Kafka Streams is a library to build streaming applications using Kafka topics as input/output. Kafka Streams is in the same league as other streaming systems such as: Apache Storm, Apache Flink and, not surprisingly, Apache Samza which also uses Kafka for input or output of streams.

One of the main advantages is that if you’re already using Apache Kafka and you need real-time processing, you just need to use the library and you are good to go.

Other important features are: stateful processing, windowing and ability to be deployed using your preferred solution: a simple command line, Mesos, YARN or kubernetes and docker if you’re a container party boy.

Streams and Tables

One of the key concepts in Kafka Streams is the support of KStream and KTable.

That isn’t a new concept if you come from the Event Sourcing world: the KStream is the append-only event store where its state is given by replaying the events from the beginning of time until the last event whereas KTable is the snapshot or projection of the current state of the stream given a point in time.

Example: Twitter Hashtags Job

Show me the code!

You can find the complete example here: https://github.com/mserrate/kafka-streams-app

KStream<String, JsonNode> source = builder.stream(stringDeserializer, jsonDeserializer, "streams-hashtag-input");

KTable<String, Long> counts = source
        .filter(new HashtagFilter())
        .flatMapValues(new HashtagSplitter())
        .map(new HashtagMapper())
        .countByKey(stringSerializer, longSerializer, stringDeserializer, longDeserializer, "Counts");

counts.to("streams-hashtag-count-output", stringSerializer, longSerializer);

For this example I’ve been using a simple TweetProducer who connects to the Twitter Streaming API and sends JSON events to a Kafka topic.

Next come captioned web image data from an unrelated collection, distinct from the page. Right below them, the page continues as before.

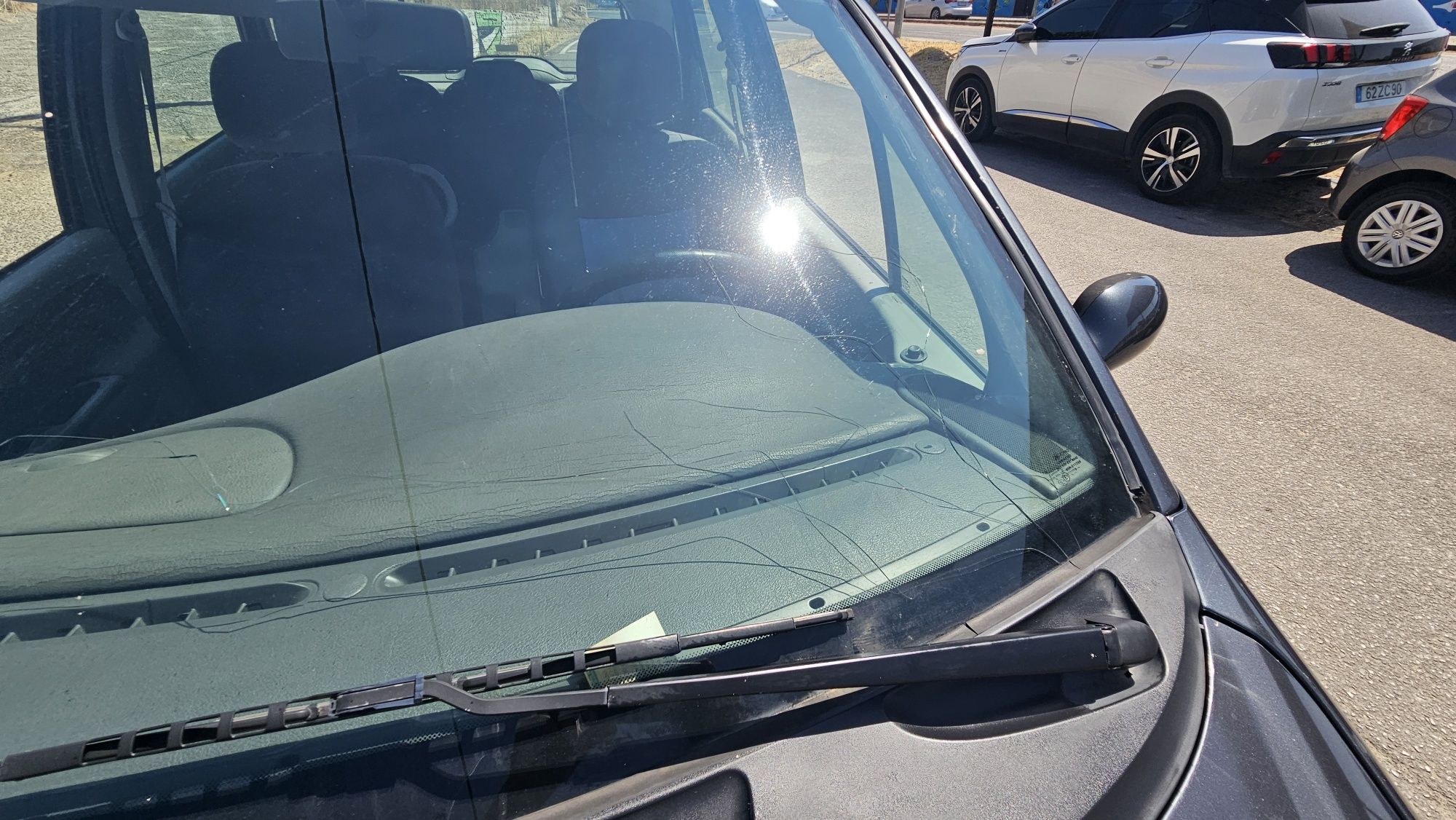 Renault Scenic 1.4 16 válvulas ano 2003 a gasolina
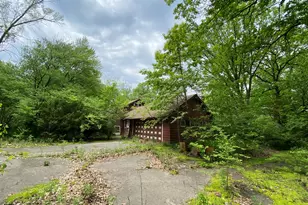 8322 W 123rd St, Palos Park, IL 60464 - Photo 1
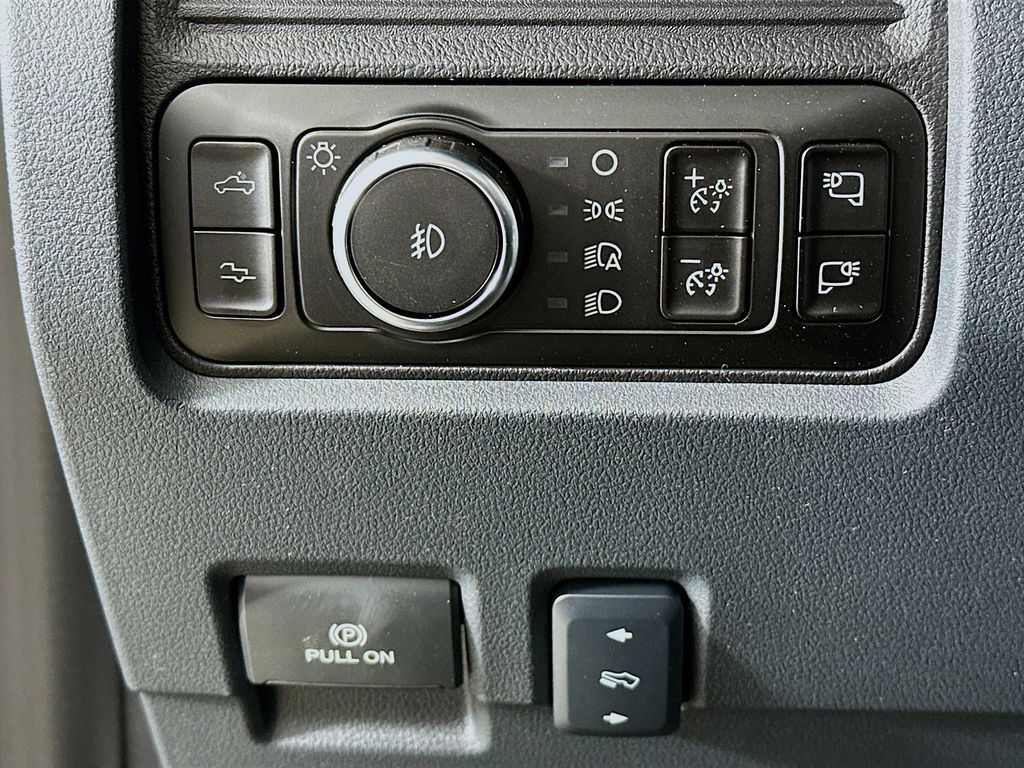 Thumbnail: 2026 Ford F-350 - 27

This topic is read as a KStream and then we begin the process:

Filter out the tweets without hashtags
Apply a flatMapValues (we are just interested in the values, not the keys) to split the different hashtags in a tweet
Apply a map to return a key (hashtag) value (hashtag) as we want to aggregate by hashtag
Aggregate the streams per key (the hashtag) and count them

Finally we send the KTable to the output queue.